» Supplied data:
======

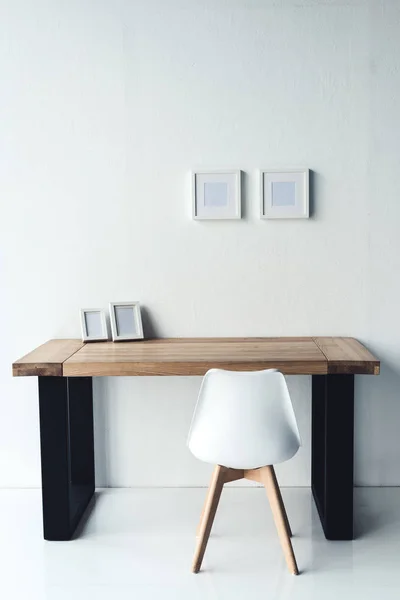 Photo frames hanging on wall at workplace — Stock Photo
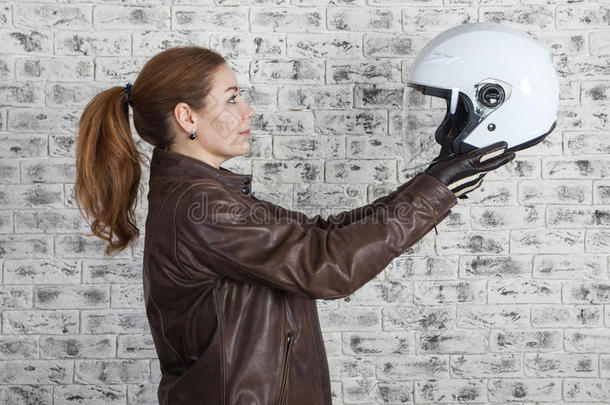 美丽的摩托车手选择白色开放头盔，同时保持伸展手臂，砖墙背景，侧视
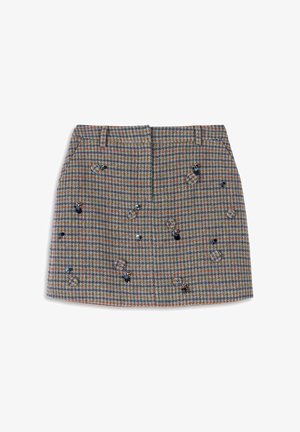 Geruit wollen minirok in bruin-, blauw- en groentinten, met decoratieve pailletten en een gestructureerd silhouet. Twee steekzakken aan de voorkant.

======

» What to do: The reply should contain all of the data above, word for word, with no pictures.

» Response to this exercise:
 Photo frames hanging on wall at workplace — Stock Photo
 美丽的摩托车手选择白色开放头盔，同时保持伸展手臂，砖墙背景，侧视
 Geruit wollen minirok in bruin-, blauw- en groentinten, met decoratieve pailletten en een gestructureerd silhouet. Twee steekzakken aan de voorkant.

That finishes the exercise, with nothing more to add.